To probe for the involvement of Ca2+/calmodulin-dependent protein kinase II in the regulation of insulin secretion, the effects of a specific inhibitor of this enzyme, KN-62, on secretagogue-stimulated insulin secretion, cytosolic Ca2+ concentration ([Ca2+]i) rise, membrane depolarization, and nutrient metabolism were examined in HIT-T15 cells. KN-62 dose-dependently inhibited insulin secretion induced by a nutrient mixture (10 mM glucose, 5 mM leucine, and 5 mM glutamine) alone or combined with either the Ca(2+)-mobilizing receptor agonist bombesin or the cAMP-raising agent forskolin in intact cells. KN-62 did not affect Ca(2+)- or GTP analogue-induced insulin secretion from permeabilized cells, indicating an action at a step before exocytosis. The stimulating effects of nutrients on insulin secretion, [Ca2+]i, and membrane depolarization were potentiated by bombesin. Similarly, bombesin promoted a larger depolarization and [Ca2+]i rise in the presence of nutrients. This was associated with enhanced Ca2+ mobilization and the appearance of sustained [Ca2+]i elevation.
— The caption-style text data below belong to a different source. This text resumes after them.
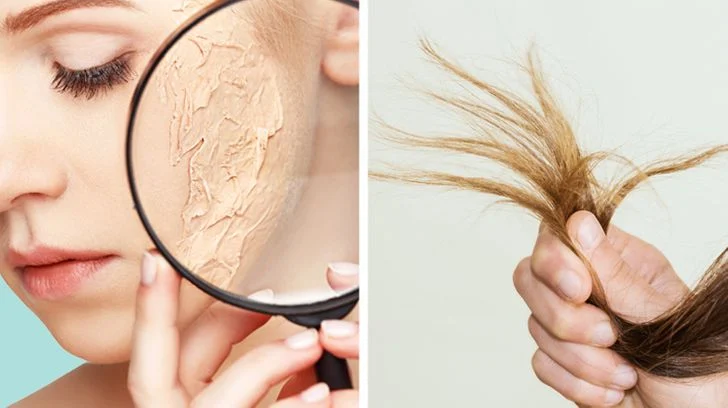 Des cheveux et une peau endommagés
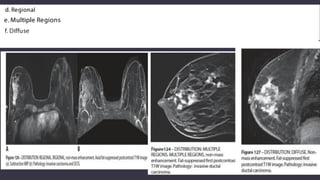 Role of sonography and mri in breast pathology pdf | PDF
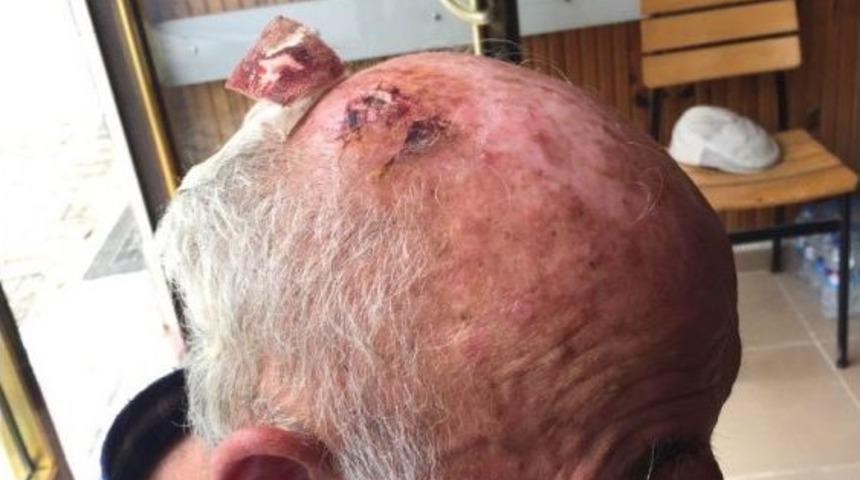 Yumurta Büyüklüğündeki Dolu, Taksicinin Başını Yardı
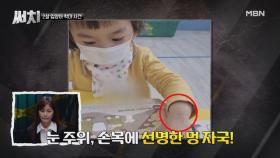 온 몸에 멍이 발견된 2살 입양아 MBN 210715 방송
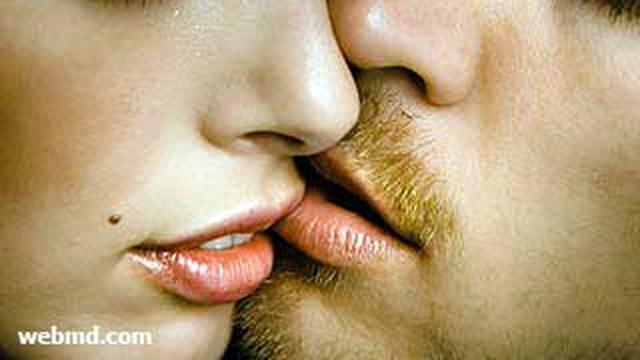 Awas Ciuman Menularkan Herpes Health Liputan6 Com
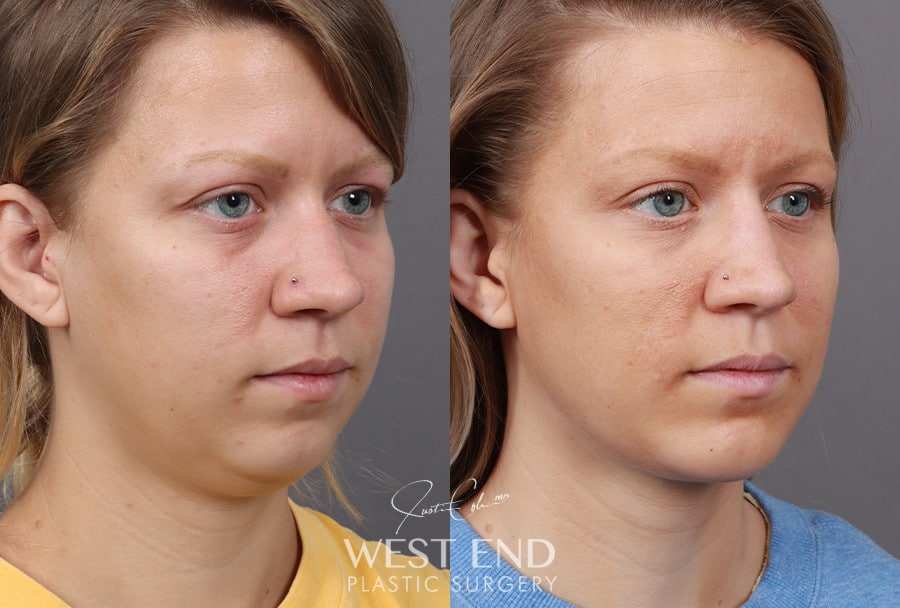 Liposuction & Chin Implant before photo. Individual results may vary.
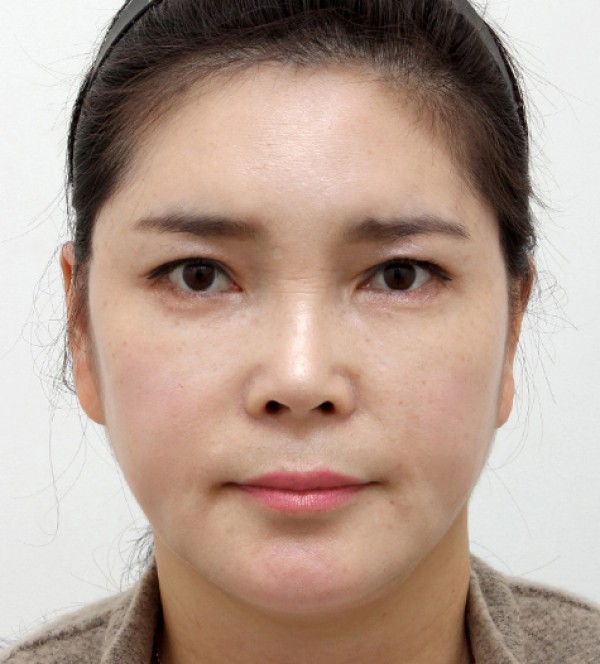 钙化、脂肪囊肿副…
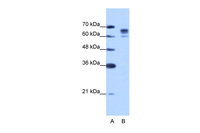 Anti-DDX17 Rabbit Polyclonal Antibody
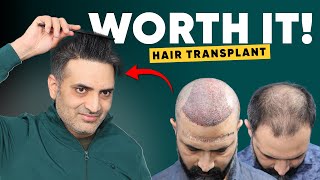 Hair Transplant in Jaipur | Best Results \u0026 Cost of Hair Transplant in Jaipur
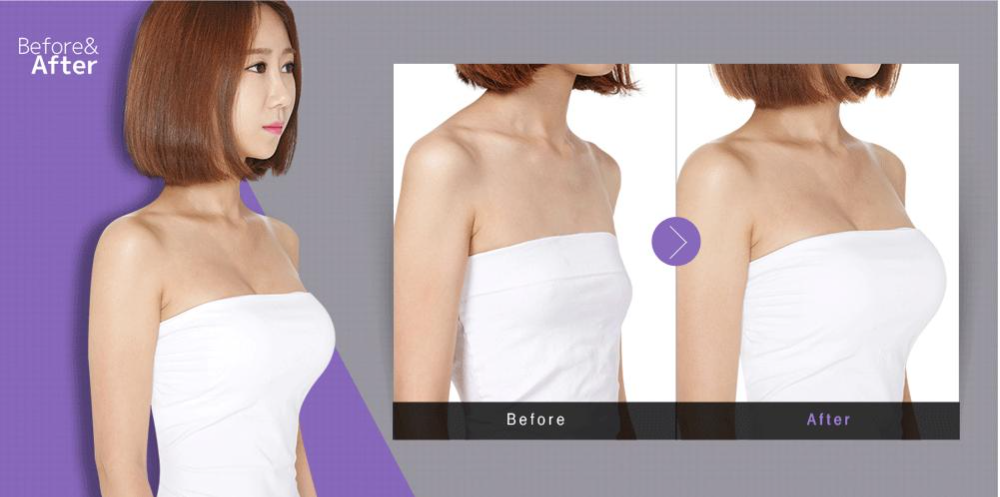 復合隆胸多少錢？復合隆胸后要注意什么？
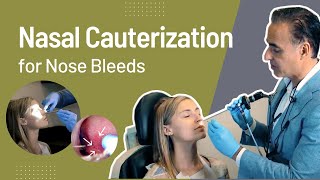 Nasal Cauterization for Nose Bleeds (Epistaxis) | Nose Bleed Treatment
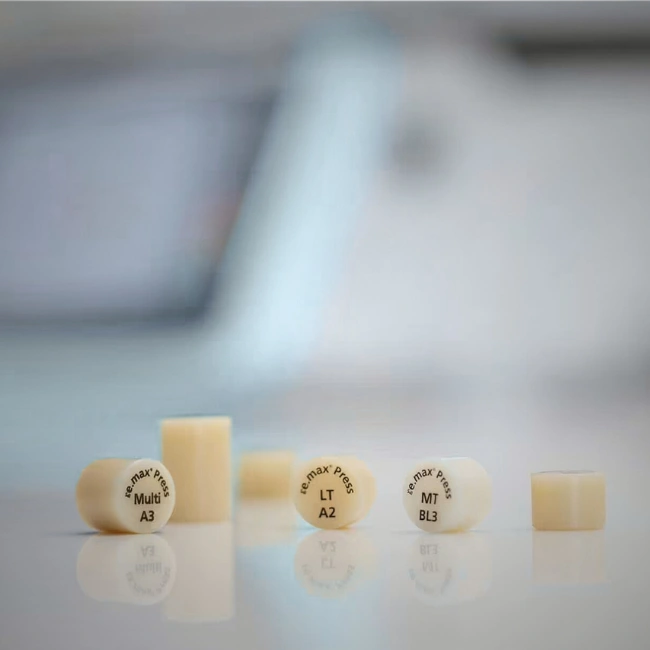 What Are Veneers Made Of?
The bombesin-induced membrane depolarization, like the nutrient effect, was inhibited by diazoxide, suggesting that this is due to closure of ATP-sensitive K+ channels. Bombesin elicited Ca2+ influx by both membrane potential-sensitive and -insensitive conductance pathways. KN-62 did not affect Ca2+ mobilization and only partially reduced Ca2+ entry during the sustained [Ca2+]i rise in bombesin-stimulated cells. When added before or during the stimulation, KN-62 dose-dependently inhibited nutrient- and KCl-stimulated [Ca2+]i elevation and Mn2+ influx (reflecting Ca2+ entry). The calmodulin antagonist CGS 9343B and the L-type Ca2+ channel blocker SR-7037 mimicked the inhibitory effect of KN-62 on stimulated insulin secretion and [Ca2+]i elevation. Membrane depolarization and nutrient metabolism (reduction of a tetrazolium derivative), however, were not altered by KN-62 treatment, indicating that the early coupling events from nutrient metabolism to closure of ATP-sensitive K+ channels remain operative. These results suggest that KN-62 and the calmodulin antagonist CGS 9343B inhibit Ca2+ influx by means of direct interaction with L-type Ca2+ channels, which, in turn, causes inhibition of stimulated insulin secretion. Thus, it appears that Ca2+/calmodulin-dependent protein kinase II is not involved in the regulation of insulin secretion.